··· Excerpted records
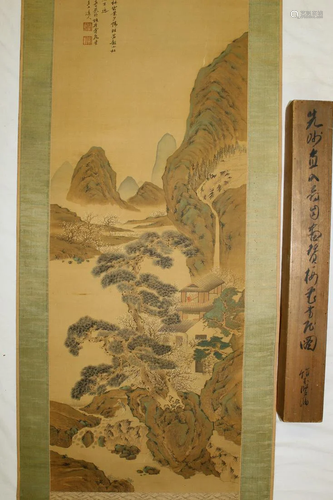 Japanese Painting Scroll in Wood Box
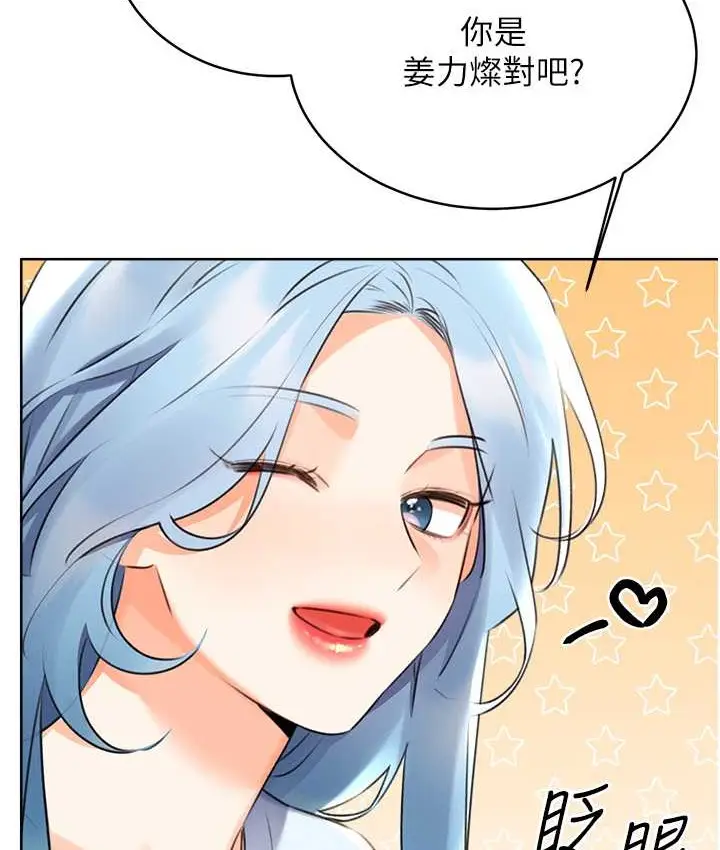 漫画《性运刮刮乐》第25话第15张图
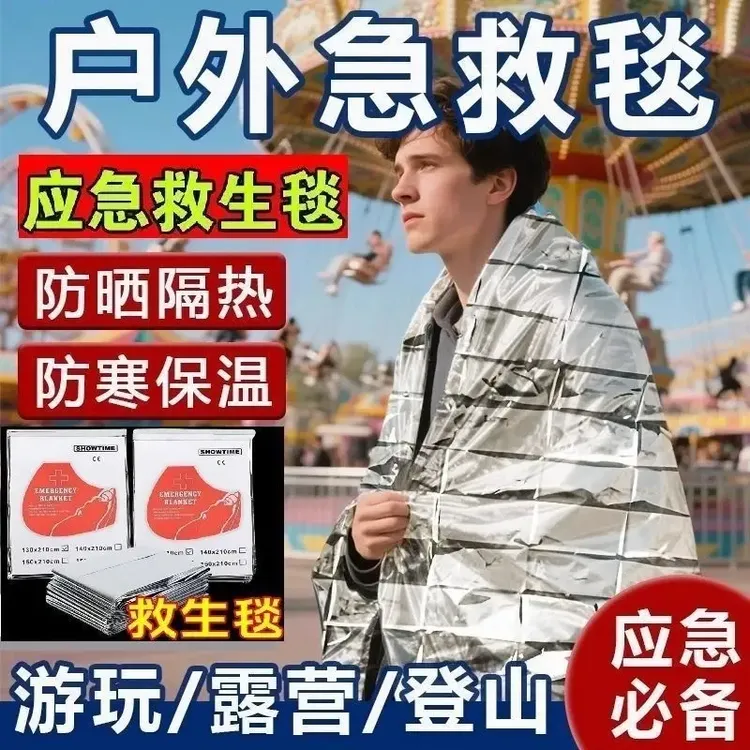 求生应急毯户外防寒地震救援防水涂料毯保暖救生野外防水涂料商品图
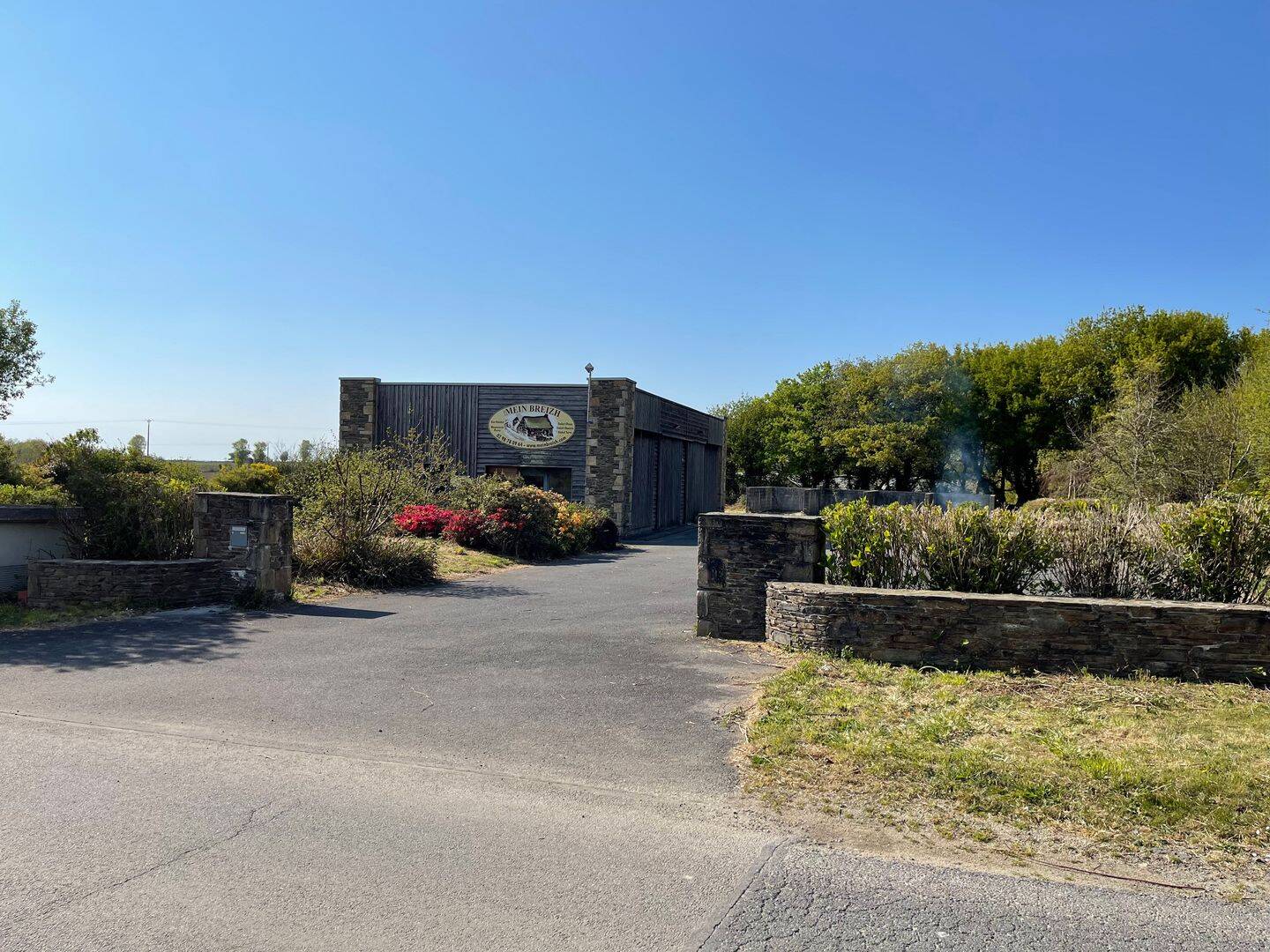 Maison 4 pièces 200 m² · à Commana · 200 m² · 150 000 €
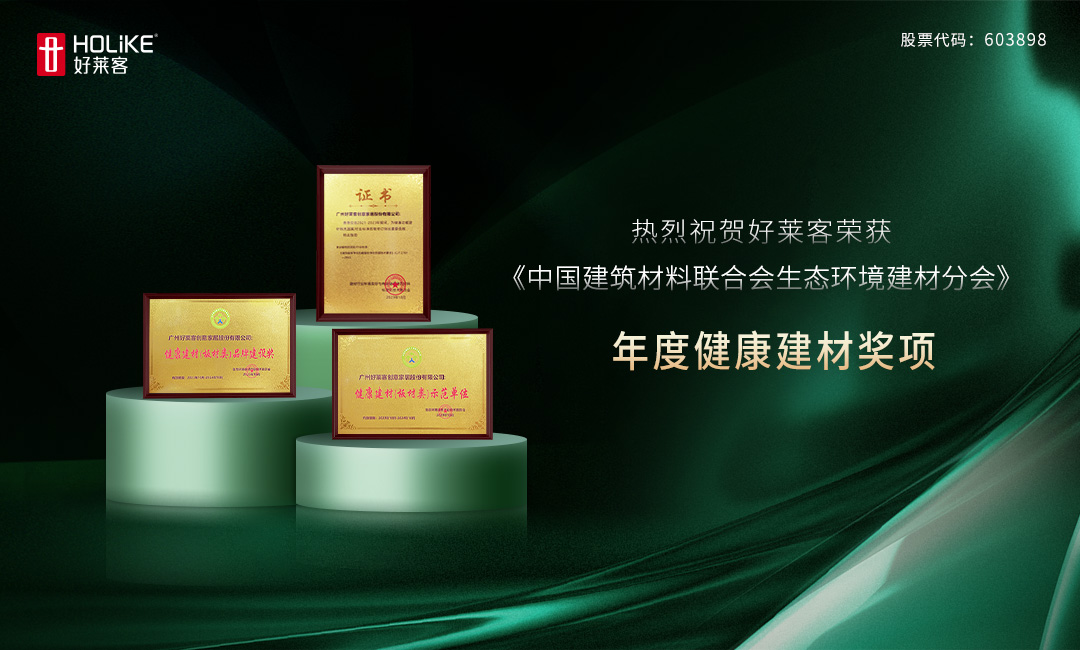 实力加冕 | 酷游官网斩获《中国建筑材料联合会生态环境建材分会》三大殊荣！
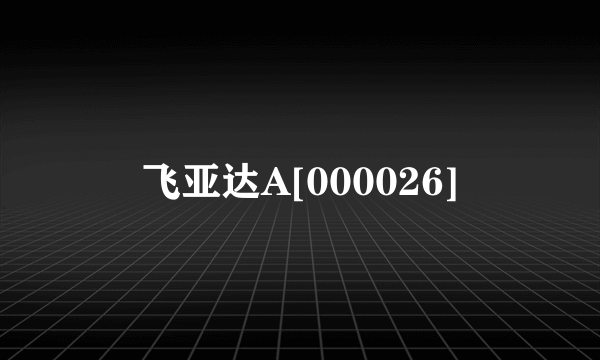 飞亚达A[000026]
······
Everything from the line containing "求生应急毯户外防寒地震救援防水涂料毯保暖救生野外防水涂料商品图" through the last line of the entries must be repeated verbatim, except pictures.

:: Exercise output ::
 求生应急毯户外防寒地震救援防水涂料毯保暖救生野外防水涂料商品图
 Maison 4 pièces 200 m² · à Commana · 200 m² · 150 000 €
 实力加冕 | 酷游官网斩获《中国建筑材料联合会生态环境建材分会》三大殊荣！
 飞亚达A[000026]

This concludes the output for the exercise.